Arqueólogos argentinos lamentam até hoje a passagem do comerciante italiano Nicolau Fiengo pelo Rio de Janeiro na década de 1820. Naquela ocasião, ele trazia de Marselha, França, uma coleção de antiguidades descobertas por Giovanni Battista Belzoni. O explorador italiano havia escavado na necrópole Tebana, atual Luxor, no Templo de Karnak. Algo comum naquele tempo, ele negociou as antiguidades com Fiengo que iria vender na Argentina. Mas quando estava no Rio, de passagem para Buenos Aires, as notícias sobre o clima político no país vizinho o desanimaram a seguir viagem. Provavelmente aconselhado por José Bonifácio de Andrada e Silva, em 1826 o imperador dom Pedro I comprou os objetos em um leilão – e deu origem a provavelmente mais antiga coleção egípcia das Américas.

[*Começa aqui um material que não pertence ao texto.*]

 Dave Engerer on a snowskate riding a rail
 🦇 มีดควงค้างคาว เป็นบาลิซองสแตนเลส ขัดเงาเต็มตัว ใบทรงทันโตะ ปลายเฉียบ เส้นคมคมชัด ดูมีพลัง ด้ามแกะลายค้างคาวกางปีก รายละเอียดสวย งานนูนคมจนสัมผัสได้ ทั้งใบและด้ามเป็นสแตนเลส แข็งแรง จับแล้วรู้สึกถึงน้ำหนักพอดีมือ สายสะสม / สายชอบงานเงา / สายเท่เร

Ainda no século XIX, a coleção ganhou um incremento inesperado graças a dom Pedro II, o verdadeiro interessado pelo Egito Antigo. “Ele conhecia hebraico e árabe, numa época em que a egiptologia era mais ligada ao orientalismo e às línguas antigas”, conta o egiptólogo Antonio Brancaglion, pesquisador do Museu Nacional da Universidade Federal do Rio de Janeiro (MN/UFRJ) e professor do Departamento de Línguas Orientais da Universidade de São Paulo (USP). Em 1876, na sua terceira visita ao Egito, dom Pedro II ganhou do quediva Ismail (o soberano do país) um magnífico esquife pintado da “Cantora de Amon” Sha-Amun-em-su. O imperador manteve a peça em seu gabinete até 1889, quando foi incluída na coleção do MN. No acervo existem 700 objetos entre múmias humanas inteiras e em partes – como cabeças, mãos e pés, como era usual em determinado período no Egito -, e de animais.
Equipes do MN investigam esse riquíssimo acervo há muitos anos.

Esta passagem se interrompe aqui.